The listing, minus its pictures, is to be given again exactly.

- _GIVEN INFORMATION_
------------------------

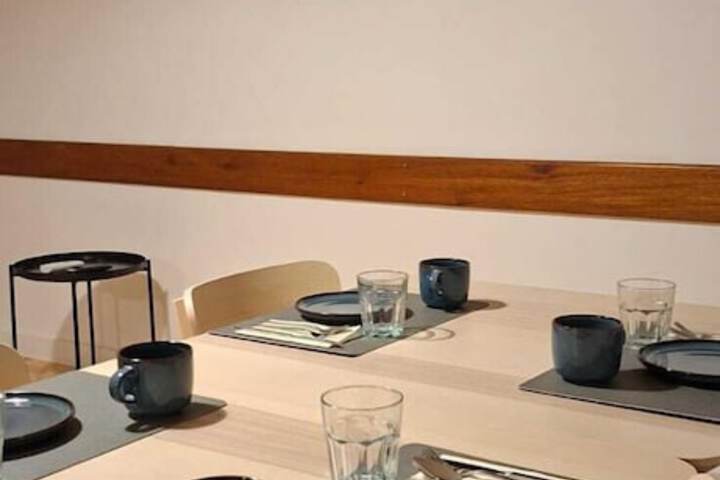 Breakfast/Coffee Service 18 of 27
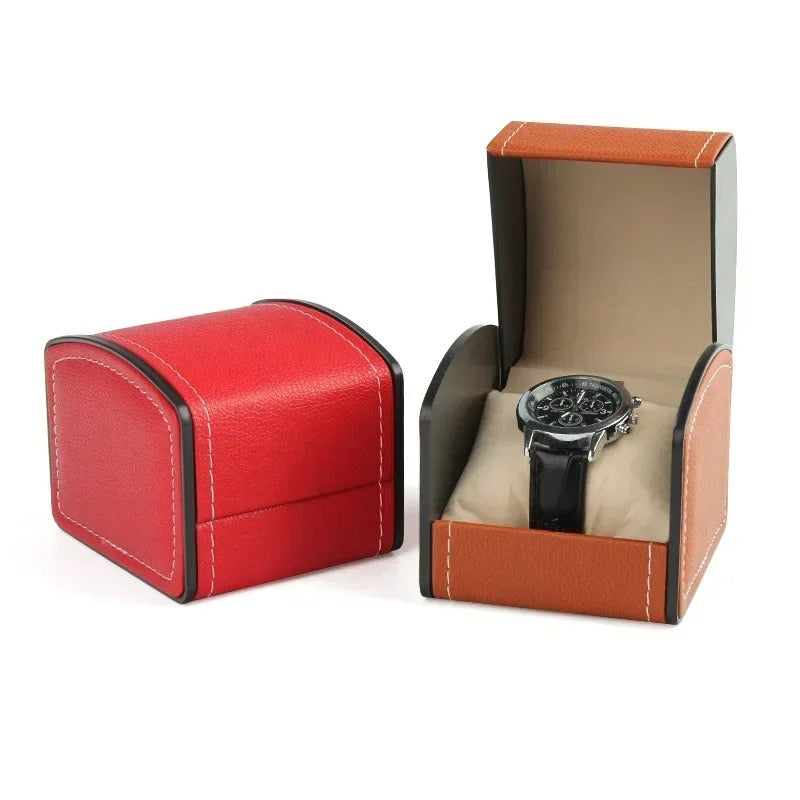 Signature Timepiece Box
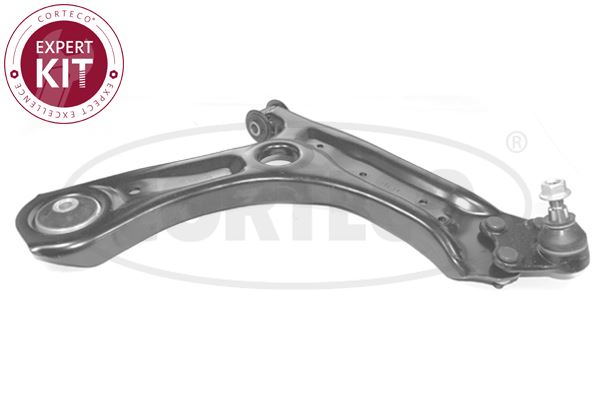 CORTECO 49397281 Süspansiyon Sistemi Bugi Kolu - SEAT IBIZA IV (6J5, 6P1) uyumlu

------------------------

- _OUTPUT OF THE EXERCISE_
 Breakfast/Coffee Service 18 of 27
 Signature Timepiece Box
 CORTECO 49397281 Süspansiyon Sistemi Bugi Kolu - SEAT IBIZA IV (6J5, 6P1) uyumlu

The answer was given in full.